LAKE BUENA VISTA, Fla. -- Ken Griffey Jr. campaigned for the opportunity to stay close to home and then ultimately decided to return to his original Major League home.

Thoughts of Griffey joining the Braves ended Wednesday night, when the veteran outfielder chose to return to Seattle and the Mariners fans who have adored him since those days when he truly was "The Kid."

"I think we knew acquiring him was a bit of a long shot, even though he was indicating that he wanted to come here to play," Braves general manager Frank Wren said.

Last week, when it seemed that he'd definitely sign with the Mariners, Griffey called Chipper Jones to talk about his interest in playing for the Braves. Griffey increased his campaign efforts by making sure Wren knew that he wanted to talk to him.

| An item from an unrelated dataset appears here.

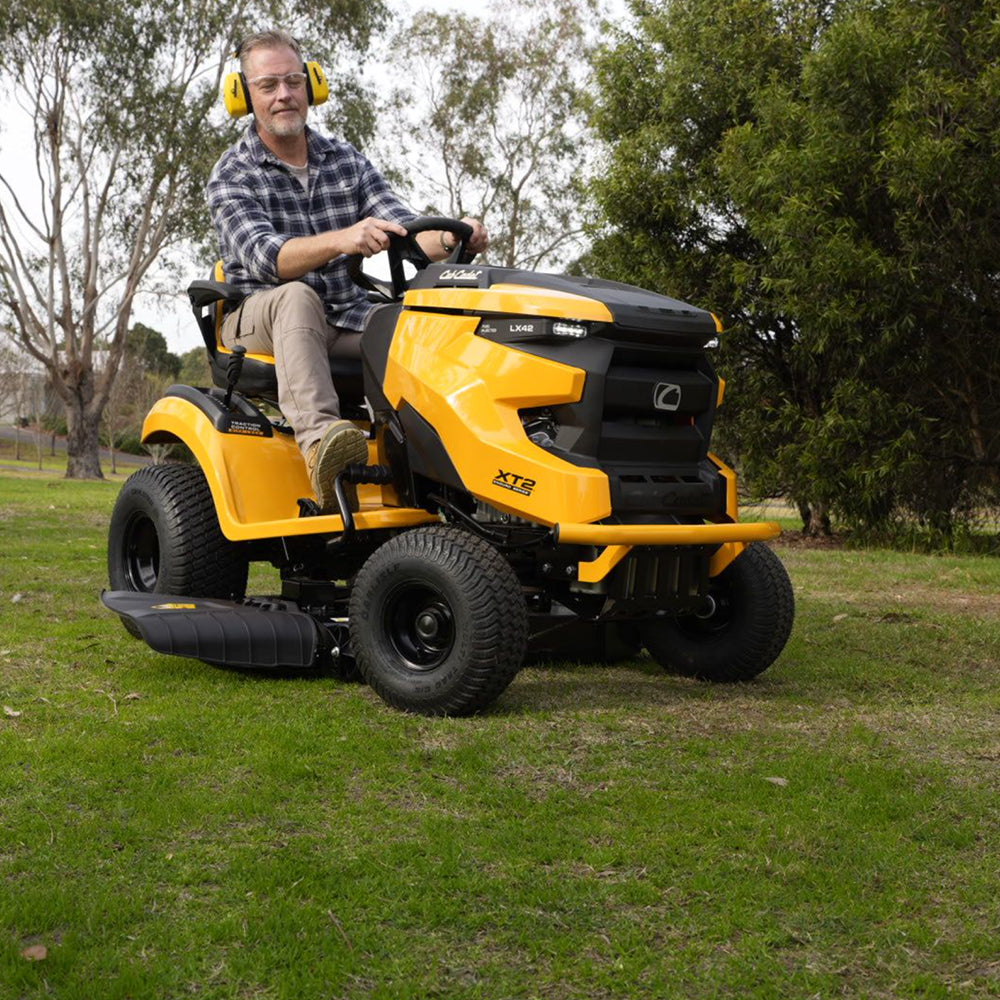 A man riding a Cub Cadet Enduro XT2 42 K ride-on mower with 21.5HP Kawasaki V-Twin engine and 42-inch fabricated deck, suited to large blocks and small acreage. Mower City Albury - up to four acres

When told of Griffey's decision on Wednesday night, Jones was somewhat upset about the fact he felt he'd wasted his time while providing information that he felt Griffey was seeking in an attempt to land in Atlanta.

"It's just another person who shunned us," said Jones, while eluding to the fact that the Braves also felt they were close to completing deals to acquire Rafael Furcal and Jake Peavy this offseason.

The "shunning" provided by Griffey might have a more detrimental effect if you're of the belief that he could have been the power source the Braves were looking to add to their outfield mix. Atlanta's outfielders combined for a Major League-low 27 homers last year, and the club hasn't found the addition that it's been seeking throughout the offseason.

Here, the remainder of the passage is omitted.